La escena arrancó aplausos no sólo entre los familiares de J y G, sino entre algunos de los que me acompañaban y digo algunos, porque las chicas, no pudieron ocultar en su rostro una mezcla de envidia (no de la buena), guayabo y asombro.
“Te quieres casar conmigo”, agregó el chico, inyectando emoción a sus familiares y frustración a las solteras que me acompañaban. Sin duda J se la había comido. Lograr arrastrar a toda su familia hasta el punto más alto del Kanauyén, que por cierto significa «sitio de mujeres menstruando», para pronunciar al borde de un abismo la referida celebre frase, amerita quitarse el sombrero ante él.
Pero a diferencia de lo que yo pensaba y seguramente ustedes piensan ahora, J no es el primero que protagoniza esta escena, digna de un film romanticon de hollywood, en “El Abismo”. En El Paují, abundan las historias como la de ellos.
Unos años atrás un chico caraqueño, tan sudado como J tras el empinado ascenso, le pidió la mano a su chica en el mismo lugar.

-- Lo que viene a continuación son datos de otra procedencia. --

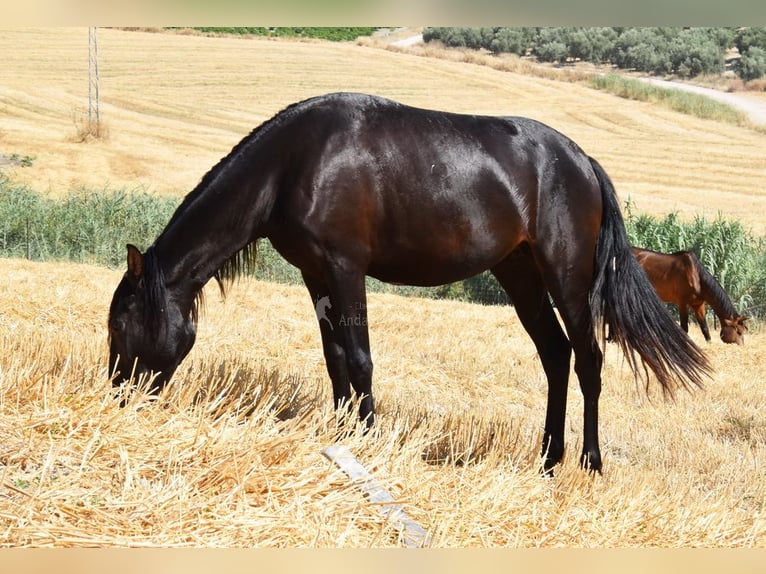 PRE Giumenta 4 Anni 155 cm Morello in Miralvalles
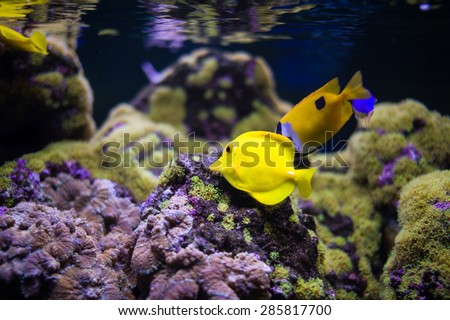 Underwater picture with great variety of fish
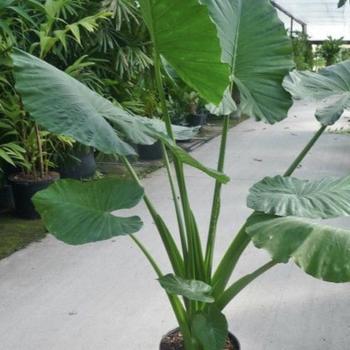 Alocasia macrorrhiza 'Borneo Giant' 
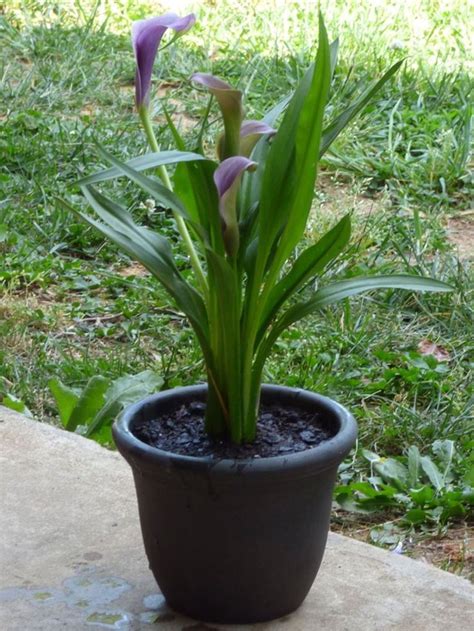 Planting A Calla Lily In A Pot: Care Of Container Grown Calla Lilies | Lily plants, Calla lily ...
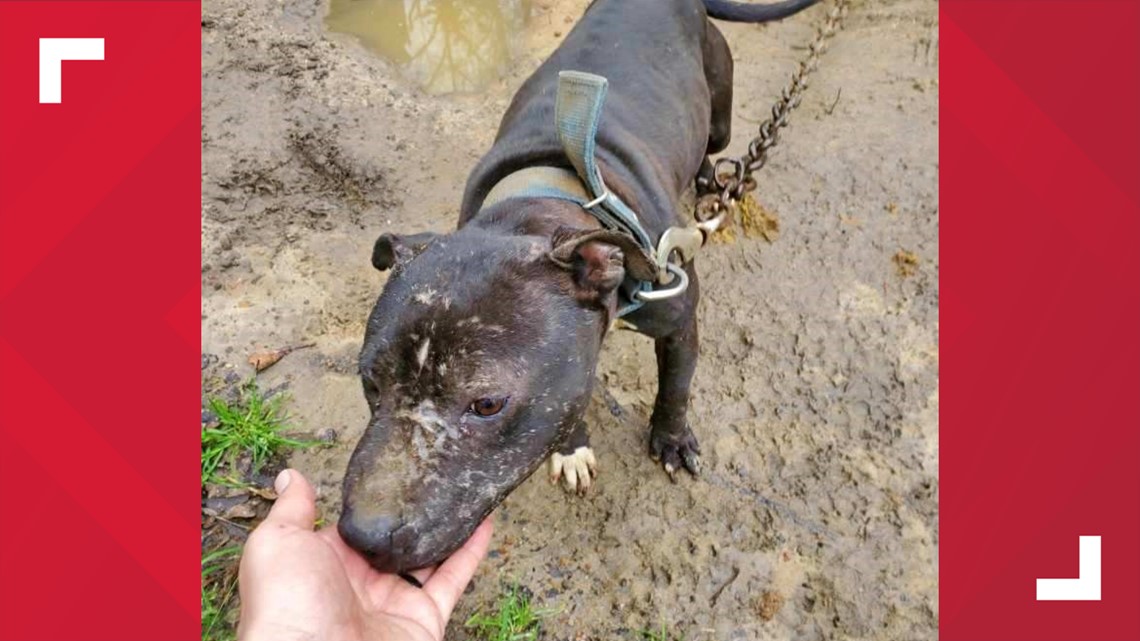 Is It Illegal To Chain A Dog Up In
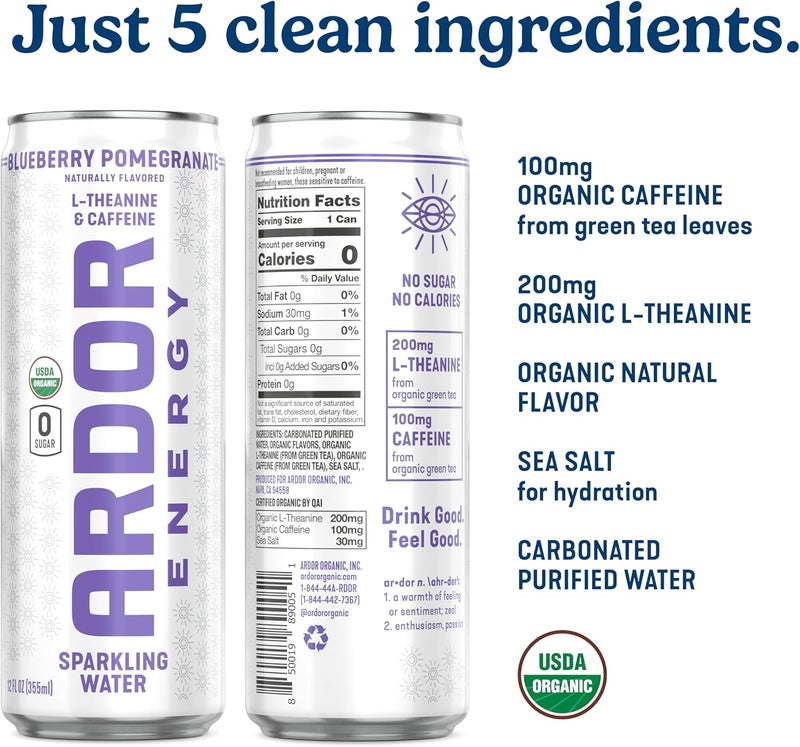 ARDOR ENERGY Sparkling Water - Blueberry Pomegranate 12 Pack - Image 4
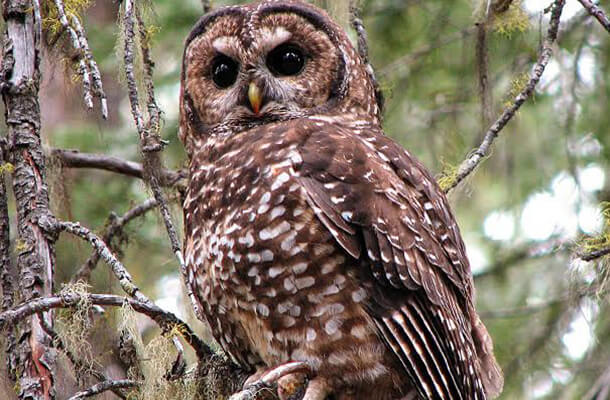 “The Northern Spotted Owl is one of the big losers in the monuments decision,” said Steve Holmer, Vice President of Policy for American Bird Conservancy. Photo by Chris Warren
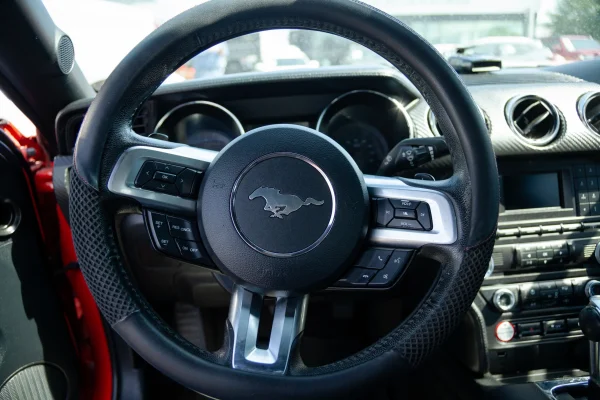 Mustang 2016 - Image 8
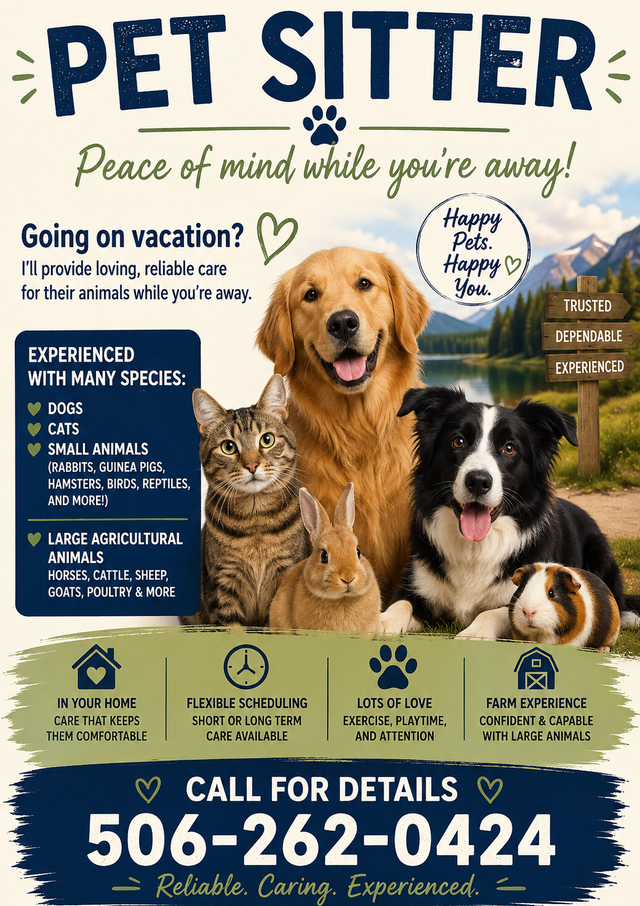 Pet Sitting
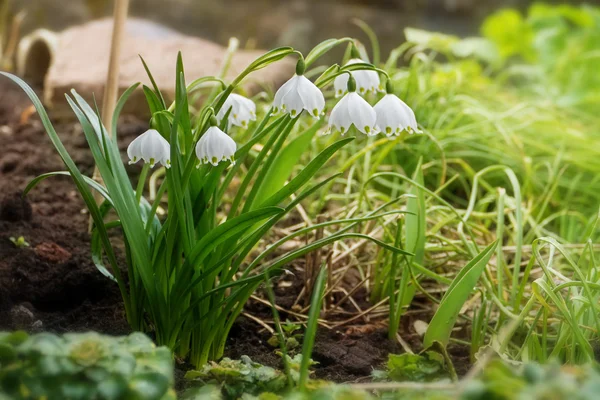Groep van vroege voorjaar sneeuwvlok bloemen, leucojum vernum — Stockfoto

Unos meses después volvieron a El Paují a casarse y posteriormente bautizaron a sus hijos (morochos) en la iglesia de este pintoresco pueblo.
Igual ocurrió -según narran los residentes- con otra parejita, quienes retornaron luego de varios años a este punto del sur de nuestro país para montar un negocio y vivir “felices para siempre”.
“Es un lugar mágico, la leyenda dice que pareja que se compromete en el abismo permanecen junta hasta que la muerte les separa”, me explicó una vendedora de miel de la zona, arrancando risas fingidas de las chicas que me acompañaban.
Y algo de cierto debe tener la leyenda. Una de las solteras con las que compartí esta experiencia (si, la que casi estalla de envidia al escuchar a J), terminó enamorándose durante este viaje de un chico de la zona. La otra, no pierde la esperanza.
En cuanto a J y G lo poco que recuerdo es que viven en Cagua, estado Aragua, que ella estudia en San Juan de los Morros y que se lanzarían pocos meses después. Acá les dejo la foto que les tomé, si los conocen díganle que con gusto los acompaño a brindar (o por lo menos avísenle que son famosos).